The Impact of Bad Data and Why Observability is Now Imperative
Think the impact of bad data is just a minor inconvenience? Think again.
Bad data cost Unity, a publicly-traded video game software development company, $110 million.
And that’s only the tip of the iceberg.
The Impact of Bad Data: A Case Study on Unity
Unity stock dropped 37% on May 11, 2022, after the company announced its first-quarter earnings, despite strong revenue growth, decent margins, good customer growth, and continued high performance in dollar-based net expansion.
But there was one data point in Unity’s earnings that were not as positive.
The company also shared that its Operate revenue growth was still up but had slowed due to a fault in its platform that reduced the accuracy of its Audience Pinpointer tool.
Unity ingested bad data from a large customer into its machine learning algorithm, which helps place ads and allows users to monetize their games. This not only resulted in decreased growth but also ruined the algorithm, forcing the company to fix it to remedy the problem going forward.
The company’s management estimated the impact on the business at approximately $110 million in 2022.
Unity Isn’t Alone: The Impact of Bad Data is Everywhere
Unity isn’t the only company that has felt the impact of bad data deeply.
On April 25, 2022, Twitter accepted a deal to be purchased by Tesla and SpaceX founder Elon Musk. A mere 18 days later, Musk shared that the deal was “on hold” as he confirmed the number of fake accounts and bots on the platform.
What ensued demonstrates the deep impact of bad data on this extremely high-profile deal for one of the world’s most widely-used speech platforms. Notably, Twitter has battled this data problem for years. In 2017, Twitter admitted to overstating its user base for several years, and in 2016 a troll farm used more than 50,000 bots to try to sway the US presidential election. Twitter first acknowledged fake accounts during its 2013 IPO.
Twitter, like Unity, is another high-profile example of the impact of bad data, but examples like this are everywhere – and it costs companies millions of dollars.
Gartner estimates that bad data costs companies nearly $13 million per year, although many don’t even realize the extent of the impact.

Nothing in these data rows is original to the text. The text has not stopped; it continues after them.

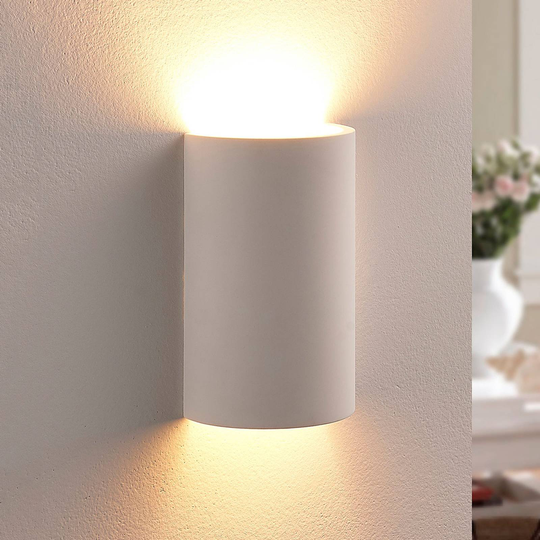 Lindby Colja gipsvägglampa, vit, halvrund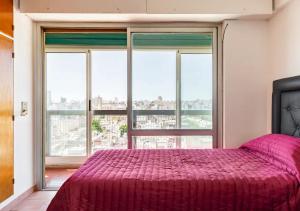 1 dormitorio con cama y ventana grande en Departamento Céntrico en Ciudad de Córdoba en Córdoba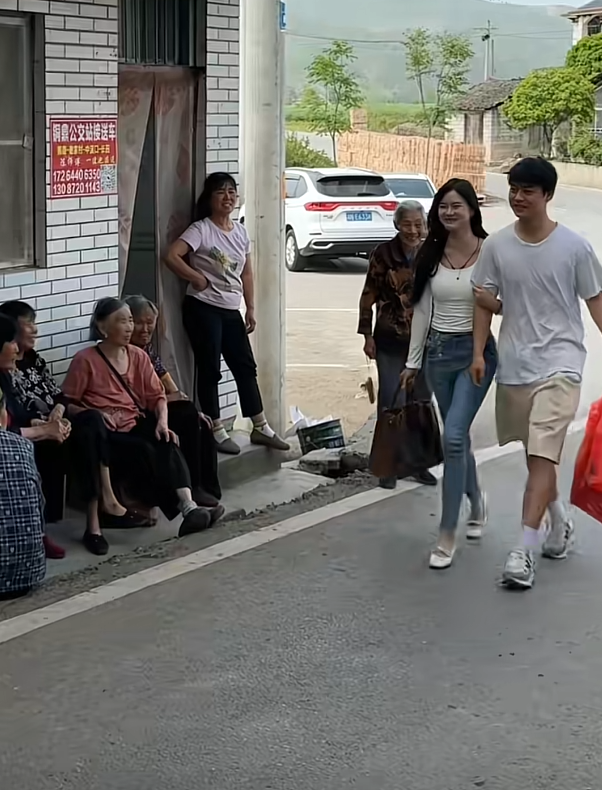 第一次带男朋友回老家，路过村口的情报中心，紧张极了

Meanwhile, Harvard Business Review finds that knowledge workers spend about half of their time fixing data issues. Just imagine how much effort they could devote elsewhere if issues weren’t so prevalent.
Overall, bad data can lead to missed revenue opportunities, inefficient operations, and poor customer experiences, among other issues that add up to that multi-million dollar price tag.
Why Observability is Now Imperative for the C-Suite
The fact that bad data costs companies millions of dollars each year is bad enough. The fact that many companies don’t even realize this because they don’t measure the impact is potentially even worse. After all, how can you ever fix something of which you’re not fully aware?
Getting ahead of bad data issues requires data observability, which encompasses the ability to understand the health of data in your systems. Data observability is the only way that organizations can truly understand not only the impact of any bad data but also the causes of it – both of which are imperative to fixing the situation and stemming the impact.
It’s also important to embed data observability at every point possible with the goal of finding issues sooner in the pipeline rather than later because the further those issues progress, the more difficult (and more expensive) they become to fix.
Critically, this observability must be an imperative for C-suite leaders, as bad data can have a serious impact on company revenue (just ask Unity and Twitter). Making data observability a priority for the C-suite will help the entire organization – not just data teams – rally around this all-important initiative and make sure it becomes everyone’s responsibility.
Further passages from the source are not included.